Don’t underestimate the importance of optimism; it can be the ingredient you need to make your life a success. In the 1980s Seligman and fellow researchers studied the relationship of explanatory style and winning in the American Baseball League and the National Basketball Association’s Atlantic Division. The findings really made me sit up: They showed that a team would reliably enjoy greater success in the new season if the players’ and coaches’ statements were optimistic in the face of defeat in the previous one. Further, the optimism scores of individual players, coaches and the team taken together predicted success and failure more readily than did their talent and quality. The optimistic teams were able to bounce back from losing, performed better under pressure, and more readily won down the track.6
My partner is a soccer enthusiast, to put it mildly. At the moment, his home team the Hamburger Sportsverein, for whom he had played in his youth, is perilously close to descend into Germany’s second league for the third year in a row. The team has had some 8 coaches in this time.
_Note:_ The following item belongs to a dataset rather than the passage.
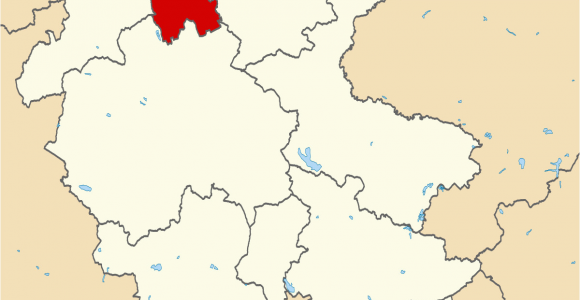 Stoke On Trent Map Of England City Of Stoke On Trent Wikidata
At the beginning of the last season HSV invested 34 million Euros in new players, yet it arrived pretty much at the same place on the ladder. My Honey, of course, is bursting with ideas and approaches that could ensure the HSV’s steady ascent up the German Soccer League. I cannot help but think that the one investment they need to make is to learn how to be optimists. It’s the key that can unlock ascent, also for us as individuals.
x Please note that Seligman was very uncomfortable with conducting animal experiments, and after his initial work with dogs never returned to the practice. My own conviction led me to actively campaign against animal experiments in my younger years, and I have not changed my mind. However, I need to tell the story as it is.